Source: Gartner FY2025 10-K, MD&A Insights segment [5]; Forrester FY2025 filing, as reported.

The retention gap is roughly nine points on client retention and ten to twelve on wallet retention — the difference between a base that renews and enriches and one that renews at a discount. On the balance-sheet mechanics that Cash and the Float covered, that gap is what separates a business whose deferred-revenue float keeps compounding from one whose float is draining.

Forrester as leading indicator

The comparison cuts the other way too, and honesty requires stating it. Forrester's wallet retention crossed below 100% back in 2022–2023; Gartner's crossed below 100% only in 2025 — GTS falling from 102% to 96%, GBS from 106% to 99% [6]. The direction of travel is the same; Gartner is simply one to two years behind on the curve.

Loading...

Source: Forrester FY2021–FY2025 filings, as reported. Gartner's blended wallet retention crossed below 100% only in 2025 (see Retention and AI).

Forrester's decline is the bear's exhibit: the identical model can erode, and it has, in the same low-end and AI-exposed demand that Gartner's own client-enterprise count has been thinning. Whether Gartner follows Forrester down or holds the line is the open question, and the reported loss on Forrester's income statement — an operating loss of $113M in 2025 — overstates the operational damage, because roughly $111M of it is a non-cash goodwill write-down of past acquisitions rather than a cash cost. The cleaner signals are revenue, contract value, retention, and cash — and each of those, independently, shows a subscription business contracting.

Cash conversion is the franchise signal

For a reader whose test is whether free cash flow can stay strong for a decade, the most durable evidence is not margin — which impairments distort — but cash conversion. Here Gartner separates from the entire set, pure-play and consultancy alike.

Loading...

Source: derived from FY2025 reported financials for Gartner and peers.

Gartner converts nearly a fifth of revenue to operating cash; the median consultancy converts about half that, and the two subscription peers sit at the bottom. Consistency matters as much as level: Gartner's operating cash flow held between $903M and $1,485M in every year from 2020 to 2025, while Forrester's swung to negative $3.9M in 2024 before recovering to $21M in 2025 — the wavering cash generation that a durability-focused investor treats as a warning. On returns, the clean comparators cluster — Gartner's return on capital employed of 25.6% sits alongside Accenture's 24.1% and CRA's 27.8% — so a mid-20s return on capital is achievable across well-run professional-services firms; what Gartner adds on top is the scale, retention, and cash conversion that Forrester, running the same playbook at one-sixteenth the size, cannot match.

What the peer evidence settles, and what it does not

The benchmark supports the franchise-specific read.
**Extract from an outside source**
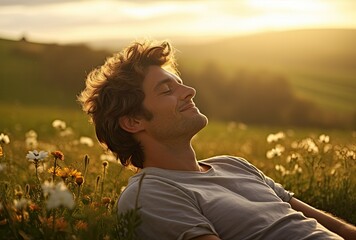 Man laying down on green grass field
Gartner's retention runs roughly nine points above the only firm with an identical model; its cash conversion leads a set of seven; and where a same-model competitor at smaller scale has seen contract value, client count, and revenue all contract for three straight years, Gartner has kept each of them growing. The ~27% returns and high retention that earlier chapters described are not merely what the industry earns — Forrester earns far less on the same model — which is the core of why the moat looks real rather than incidental.

The strongest fact against that read sits in the same data: Forrester is a genuine leading indicator, not a foil. It crossed below 100% wallet retention two years before Gartner, and Gartner has now started down the same slope, with blended wallet retention rolling over in 2025 and the client-enterprise count already thinning. The peer set cannot tell you whether scale is durable immunity or merely a longer runway on the same erosion. What would decide it is visible and near-term: if Gartner's wallet retention stabilizes near current levels and contract value stays positive, the divergence holds and scale is the moat; if wallet retention keeps falling toward Forrester's high-80s and contract value turns negative, Gartner is early on a path a same-model peer has already walked. That is the metric to watch, and it reports every quarter.